To elaborate, lets take a sample scenario. You’re surfing around, looking for some particular service vendor (products are much easier to sell online, I believe). You click on a sponsored result, and come to a page – a stand-alone landing page that lists their package offerings, with a call-to-action to buy. Lets assume that the page is of decent quality, and you are kind of inclining towards these guys.
Signing up for a newsletter, filling out a form – a typical visitor would probably do that. But would you actually spend money and buy something from this page? What would impress you enough to go “wow” and immediately start subscribing to their services?
Here is my answer.
Personally, I look for the feeling of safety when I buy, which is made up of several components:
- The identity of the seller must be clear, preferably verifiable, and there must be a way to communicate with him/her offline
- There must be conditions under which I can get my money back and a clear method of doing that. If a third party is involved (like Clickbank or PayPal), that’s even better, because I will feel protected
- It must be absolutely clear what I am buying through the content, the images, any videos, testimonials and so on. For some things, the only thing that will make me buy is a demo, but screen captures come pretty close in most cases
- The testimonials must appear to be from real people, who have gotten actual value out of the product/service and who describe their personal experience in sufficient detail to inspire my trust. Any website link and the testimonial is disqualified as biased. People who have just finished a workshop have not done anything with their new knowledge, so they are heavily discounted. Real, personal, raw life experience = trust
- The way things are laid out and the style/tone of the text give me a feeling. If the writer is confident, I will buy. If the writer tries to sell too hard, I will not buy. Good things are easy to sell, because their value is readily apparent. If the seller is not convinced he/she can sell without an effort, there must be something wrong with their offer
- I HATE pop-ups. If anything pops up, that’s the end for me
Although the question was about standalone sales pages, my answer is just as relevant for anything you do online. Tricks don’t work! At least, they don’t work for long. Search engines, social networking engines and website visitors are quick to learn and will always find out the frauds.

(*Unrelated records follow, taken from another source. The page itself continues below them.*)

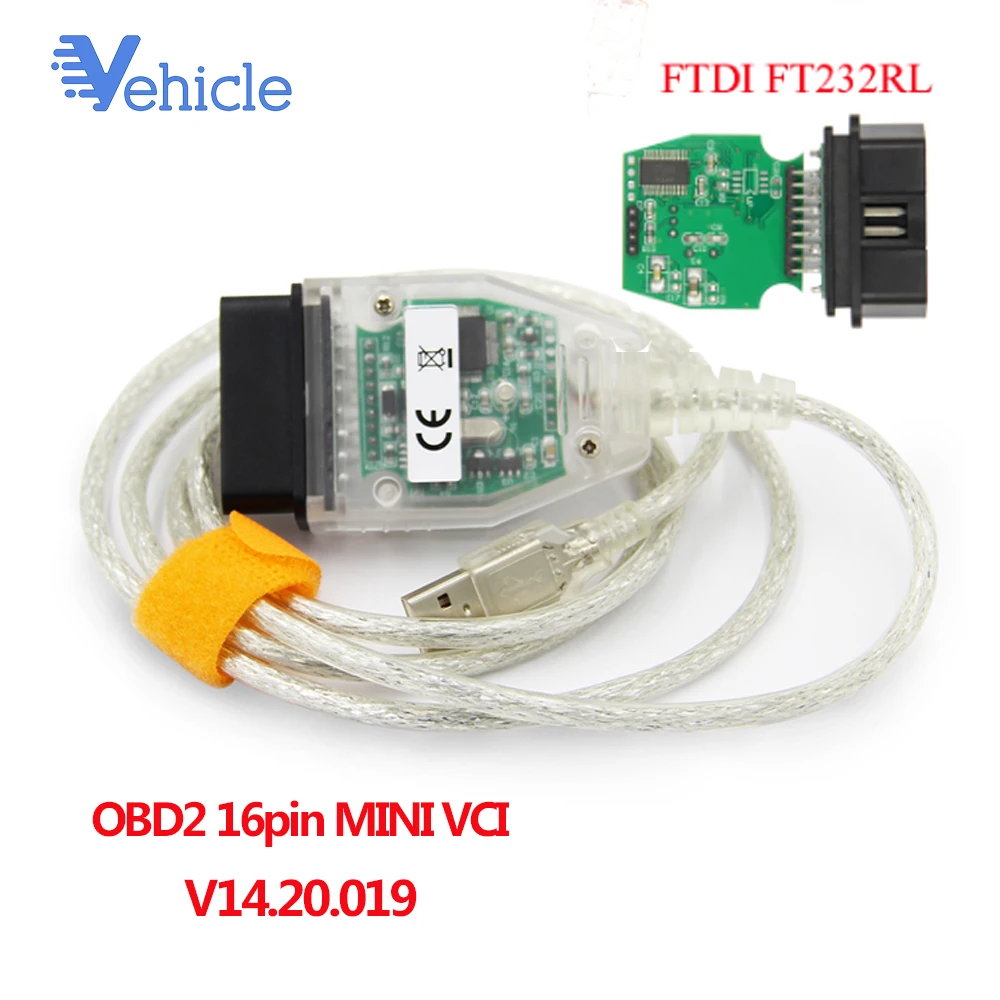 Диагностический кабель MINI VCI для TOYOTA TIS Techstream модель J2534 FTDI FT232RL FT232RQ OBD2
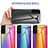 Coque Rebord Contour Silicone et Vitre Miroir Housse Etui Degrade Arc en Ciel M01 pour Samsung Galaxy S21 5G Petit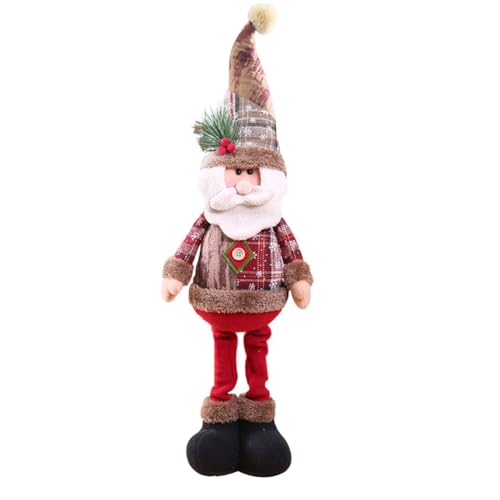 TyCylKu Weihnachtspuppen 60X18 cm Plüschtier Weihnachten, Weihnachts Plüschtier | Plüschtiere Mit Einziehbaren Beinen, Kreative Weihnachtsmann Weihnachtsdeko Für Party Weihnachtsdekoration TyCylKu Weihnachtspuppen 60X18 cm Plüschtier Weihnachten, Weihnachts Plüschtier | Plüschtiere Mit Einziehbaren Beinen, Kreative Weihnachtsmann Weihnachtsdeko Für Party Weihnachtsdekoration von TyCylKu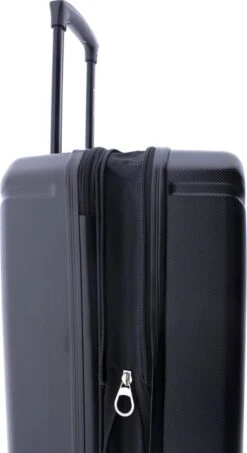 Gladiator Tropical Handbagage Koffer Expandable - 55 Cm - 36/40 Liter - Zwart -Voyago Winkel 654x1200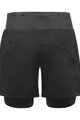 GORE Pantaloni scurți de ciclism fără bretele - R5 2IN1 - negru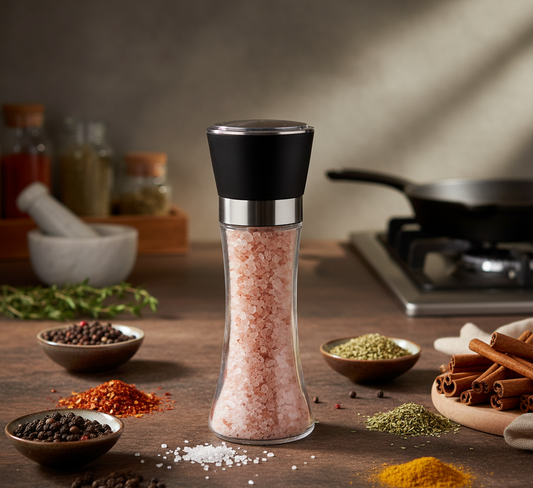 Pink Mineral Salt Granules – Glass Grinder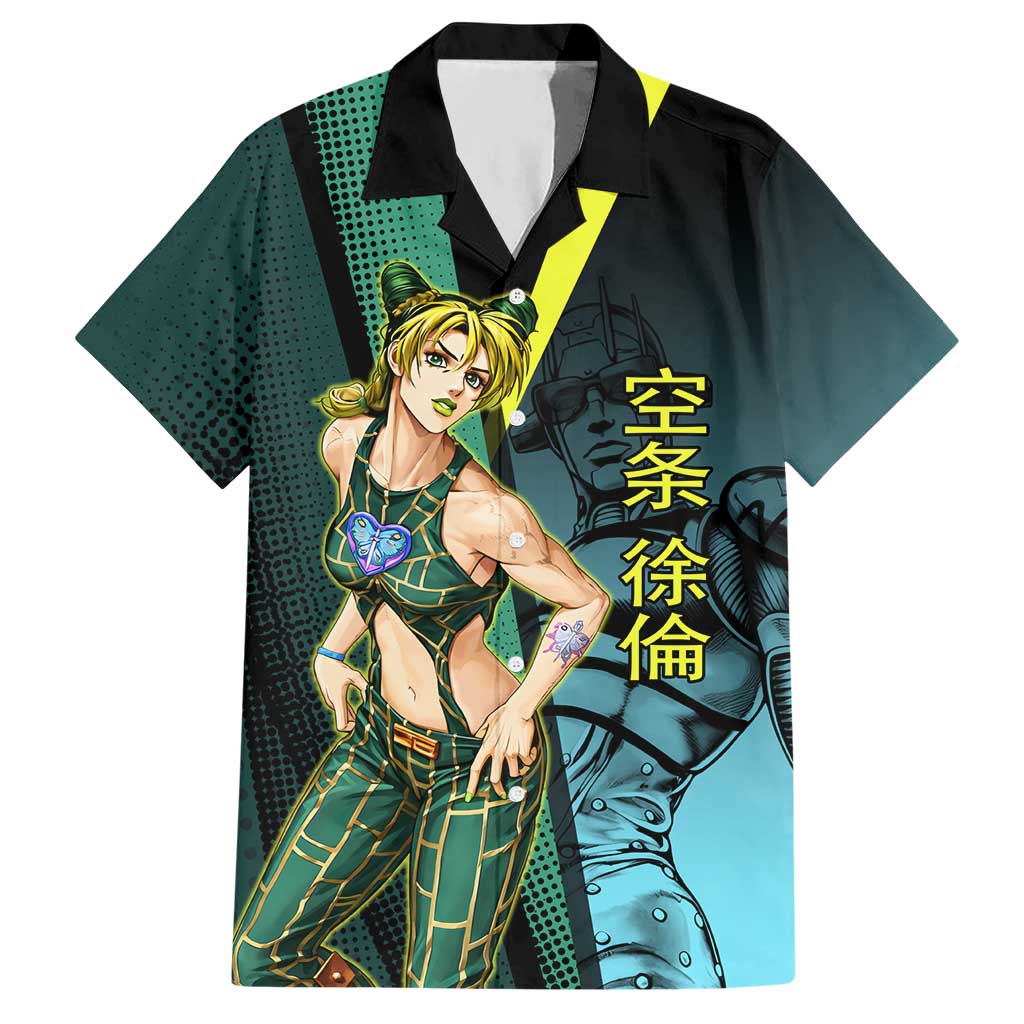 Jolyne Cujoh JoJo’s Bizarre Adventure Hawaiian Shirt with Stone Free Stand - The Mazicc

The more real value you provide, the easier it will be to present it. Your feelings about your product, your service, your company and yourself as a person shine through your website pages and you can’t fake them.
As a life coach, I believe deeply that the world is our reflection and that by working on our inner peace will give us better results than trying to manipulate anybody or anything else. It’s the same when trying to sell something online. Love your product with all your heart. Truly feel you would buy it yourself and the sales will follow.
This is why I am an ethical Internet marketer.